Sid’s face lit up. “Isn’t he wonderful? So full of passion and his paintings are so expressive. Gus and I were talking about bringing him back to New York for an exhibition. He has no family here any longer, you know. My mother would be thrilled.”
“Maybe we could ask him to help us,” Gus suggested. “He is obviously right at the heart of the artistic community, and perhaps he also mixes with fellow Jews.”
“Reynold Bryce had certainly made himself unpopular with both communities,” Miss Cassatt said. “Artists and Jews. As you know he ran the most influential exhibition in the city every summer, the one all the foreign buyers come to. And he had virtually shut out all those young painters who call themselves Fauves or Modernists. To him art had to be representational. I can’t say I disagree with him. But unlike him I admit that we are in a new century, a century of automobiles and electricity and telephones. There must always be progress.”
“So do you think it’s possible that a young painter who was thwarted by Bryce would come to kill him?” Gus asked.
“You were thwarted by him, my dear,” Mary Cassatt said. “Did your thoughts turn to murder?”
Gus laughed. “Of course not, although Sid was so angry that…” And she turned to look at Sid.
“I went to give him a piece of my mind, not a piece of steel in his gut. There is a difference,” Sid said.
“But some of those young artists are not so controlled,” I pointed out. “Picasso was itching to fight a duel and complained he hadn’t shot his pistol for several days.”
“Ah, duels. They are different,” Mary Cassatt said. “Among the young men of Paris they are a major form of sport. They will fight duels on the least little excuse. Usually over a woman, but an insult to a painting might do as well.”

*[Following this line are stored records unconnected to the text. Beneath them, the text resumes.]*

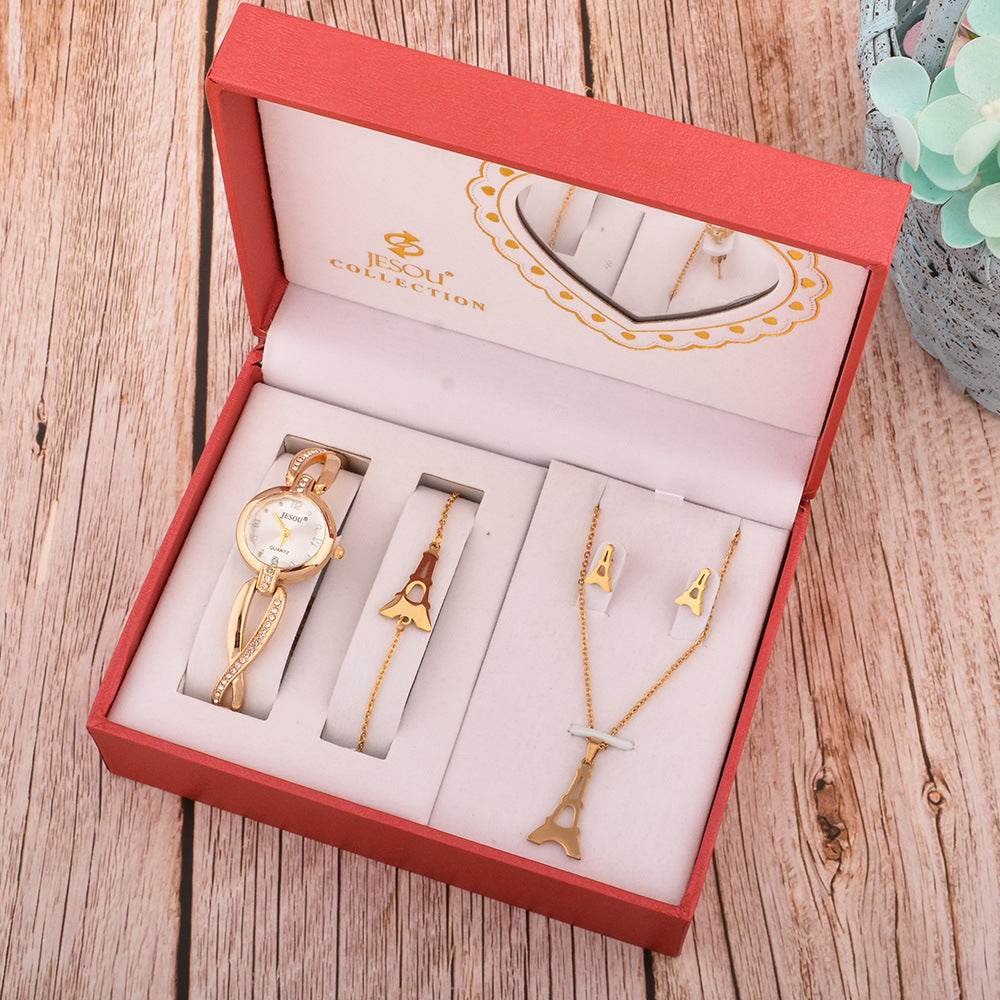 Elegant Women's Jewelry Gift Set - Necklace, Watch, Bracelet & Earrings - Pasha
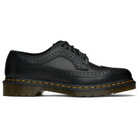 Dr. Martens Black 3989 Yellow Stitch Smooth Brogue Derbys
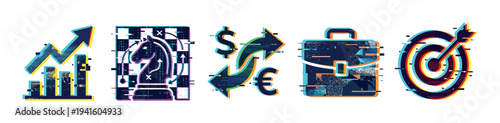 Set of modern business and finance icons with a digital glitch effect, including a growth chart, chess knight, currency exchange, briefcase, and a target with an arrow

“So if a painter challenged Reynold Bryce to a duel but he laughed and refused, might the challenger feel affronted and come to stab him?” I asked.
“Unlikely. The heat of the moment would have passed. The challenger would shrug and go his merry way. None of them takes anything too seriously for too long.”
“Miss Cassatt, do you know of any particular painters who have crossed swords with Reynold Bryce recently?” I asked.
“I am afraid I am a trifle out of touch these days.” Miss Cassatt gave an apologetic smile then reached to pour herself a cup of coffee from the tray. “An aging has-been. I was never allowed into the cafés with them, of course.”
“Why ever not?” I asked.
“Women are not part of café society in Paris. At least, not respectable women. Artists’ models are sometimes permitted.”
“I’ve been into several cafés,” I said. “There was never any indication that I was about to be flung out.”
“Ah, but you’re a novelty. A visitor from abroad. Should you want to join them on a regular basis I can assure you it would be different.”
“Perhaps I could go and ask more questions. You have not heard any gossip about anyone else with whom Reynold Bryce might have fallen out? Outside the art fraternity, I mean.”
Mary Cassatt shrugged. “Again that is the problem with being a woman. Bryce’s life revolved around the American Club where they don’t admit women. He was quite chummy with the American ambassador and went to diplomatic functions—he was the poster boy of American art, of course; unlike me, hardly recognized in my own country. So I really can’t tell you too much about his private life. All I can say is I was never invited to dinner with him.”
“What about women?” Sid asked suddenly. “Don’t they say cherchez la femme?”
“I haven’t heard of a mistress,” Mary said. “His wife is still back in America—amicably separated all these years, so one understands, but not divorced. But I was once at a gathering in which someone said, ‘If Bryce is coming, lock up your daughters.’”
“So he had a bit of a roving eye,” I said.
“What one might call a roué,” Mary said, “Which of course is quite acceptable in Paris. Their sexual mores are certainly not ours. Any man who doesn’t have a mistress is considered odd, even a pansy.”